鎌倉高校前駅近くの踏切で江ノ電を撮影する外国人観光客ら=鎌倉市腰越1丁目

 観光スポットと化している江ノ島電鉄の鎌倉高校前駅近くの踏切を訪れる観光客への対応を巡り、地元が頭を悩ませている。人気漫画「SLAM DUNK(スラムダンク)」の〝聖地〟としての人気が、交流サイト(SNS)の影響や映画の公開で再燃。新型コロナの「第5類」移行で行動制限や外国人観光客の入国制限が緩和されたことも追い風となって国内外の観光客が殺到しており、関係者は観光と安全の両立策を模索している。

 大型連休(GW)が終わった5月中旬の平日。鎌倉を訪れる観光客はアジサイのシーズンまで落ち着くのが通常だが、腰越1丁目の踏切近くは様相が異なっていた。

 目立つのはスマートフォンやカメラを手に江ノ電が通過する瞬間を狙う観光客。
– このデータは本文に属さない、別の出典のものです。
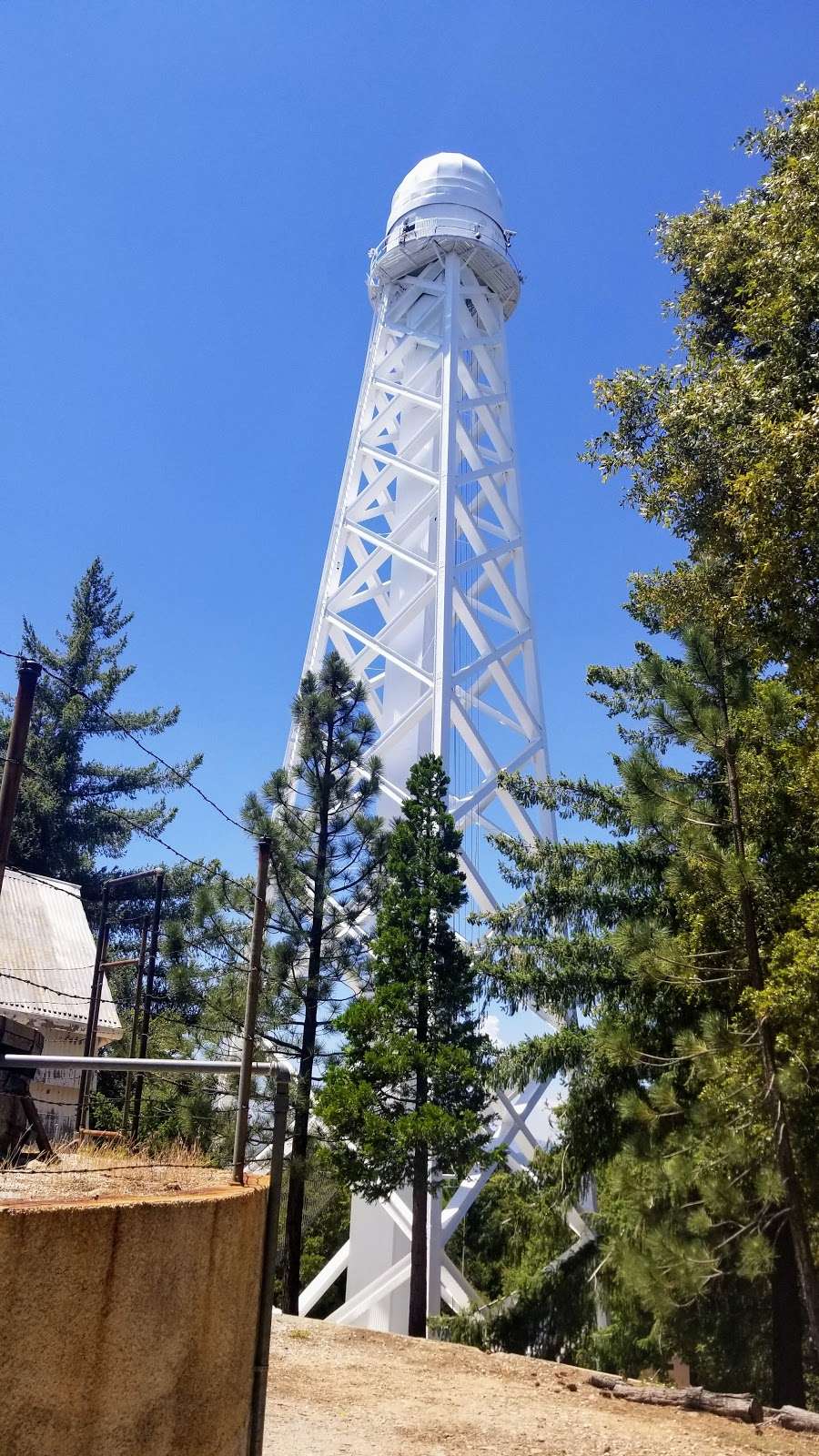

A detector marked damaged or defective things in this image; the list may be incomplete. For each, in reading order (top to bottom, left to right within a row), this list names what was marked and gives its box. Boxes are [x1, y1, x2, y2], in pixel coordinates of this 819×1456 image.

rusty stained concrete wall [0, 1176, 267, 1456]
江ノ電と踏切、海を重ねたお気に入りの写真を撮影すると駅へ向かい、また別の観光客が現れるといった具合だ。聞こえてくるのは中国語や韓国語などが多く、近くには県外ナンバーの車やレンタカーが並ぶ。

 アニメ「スラムダンク」のオープニングシーンに登場する踏切は、ファンの間で「聖地」とされる人気スポット。平日も外国人観光客らでにぎわい、市や警察関係者は「中国人が8割で、残りが韓国人と日本人」と口をそろえる。
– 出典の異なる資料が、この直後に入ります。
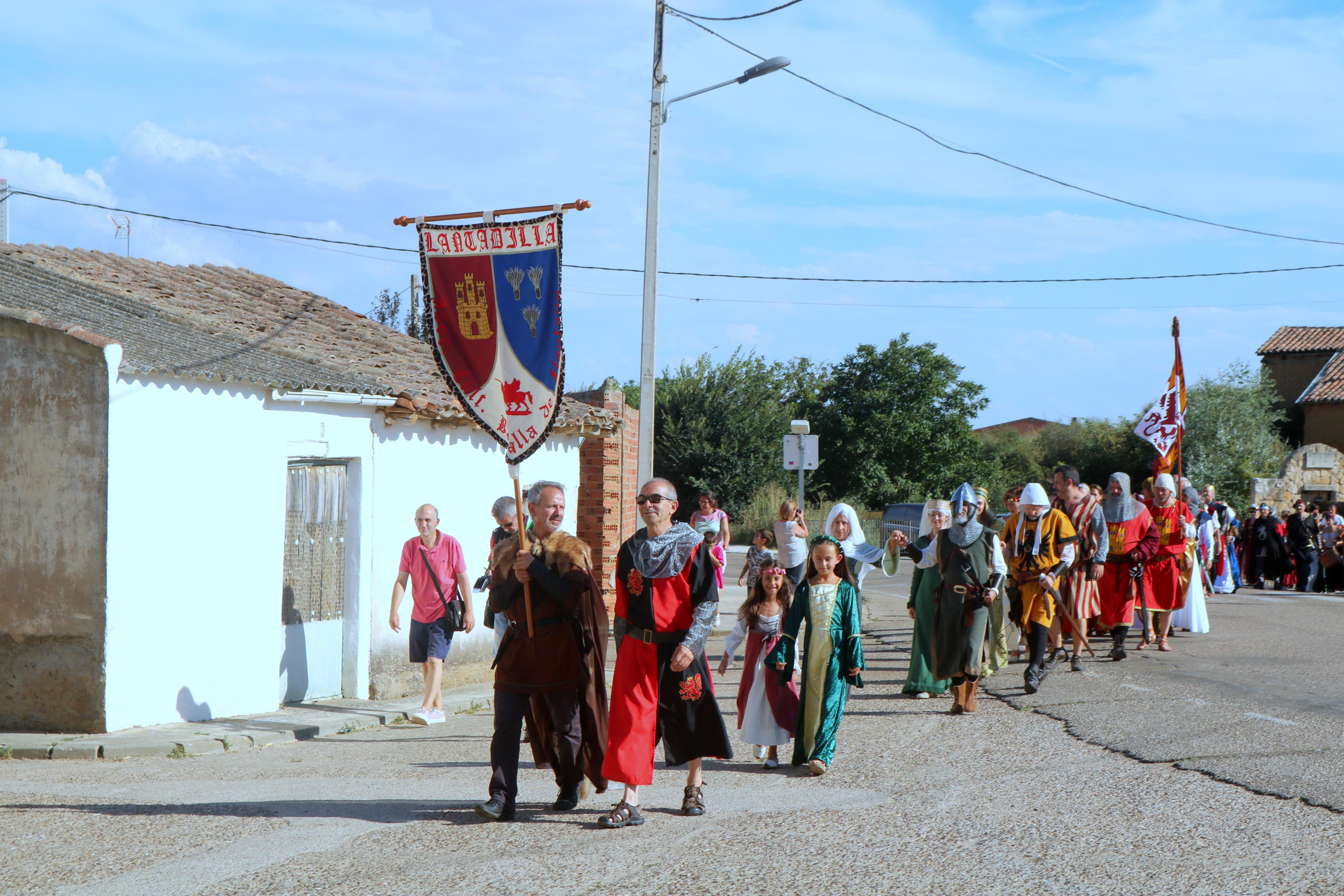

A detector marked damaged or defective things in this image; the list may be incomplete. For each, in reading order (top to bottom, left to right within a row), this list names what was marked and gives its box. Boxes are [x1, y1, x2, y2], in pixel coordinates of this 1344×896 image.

cracked asphalt [2, 572, 1344, 892]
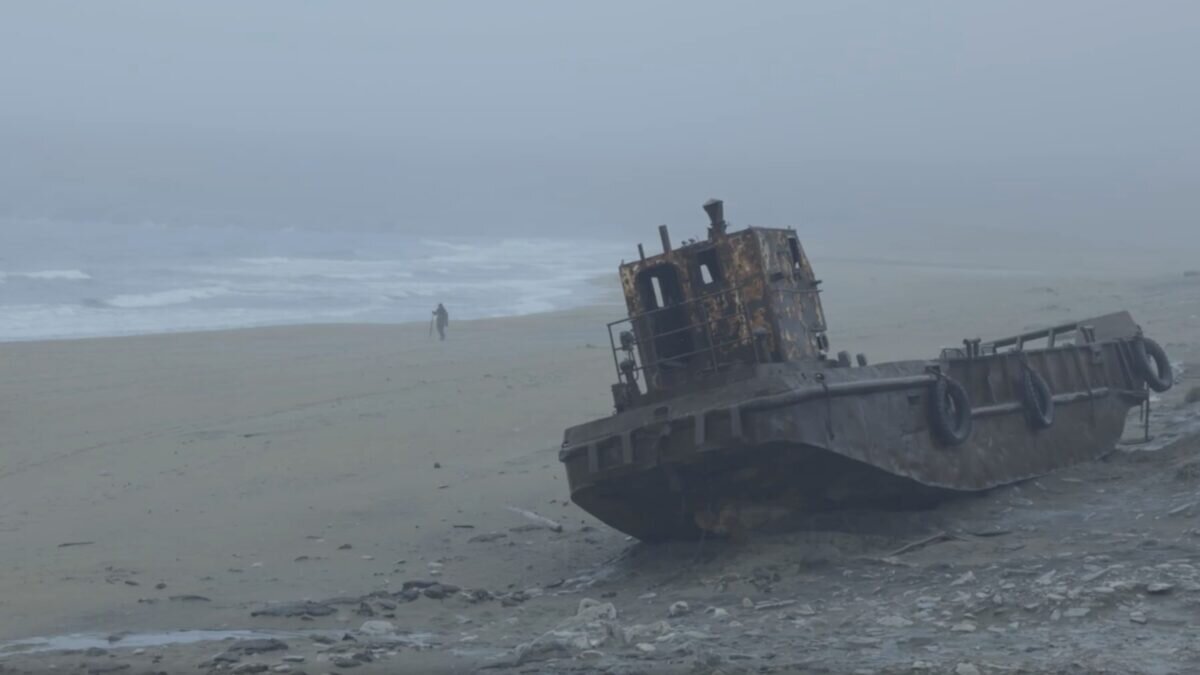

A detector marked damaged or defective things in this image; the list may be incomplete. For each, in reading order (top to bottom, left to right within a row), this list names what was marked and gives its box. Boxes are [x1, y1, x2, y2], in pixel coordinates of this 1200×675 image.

corroded metal hull [564, 312, 1160, 544]
rusty shipwreck [556, 198, 1176, 540]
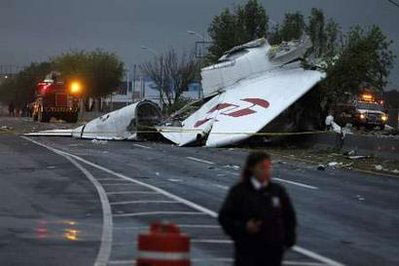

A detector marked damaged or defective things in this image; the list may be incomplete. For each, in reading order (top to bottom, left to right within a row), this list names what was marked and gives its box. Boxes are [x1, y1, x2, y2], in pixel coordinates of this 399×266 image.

crashed airplane fuselage [158, 37, 326, 148]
 関係者によると、スラムダンクがテレビ放送された1990年代も話題になったものの今ほど人が集まることはなく、7~8年前から増えてきたという。「90年代と異なりSNSでの拡散が大きいのでは」と話すのは江ノ電の担当者。「電車を利用してくれることはありがたい」としつつ、「地域住民のためにもマナーは順守してほしい」と訴える。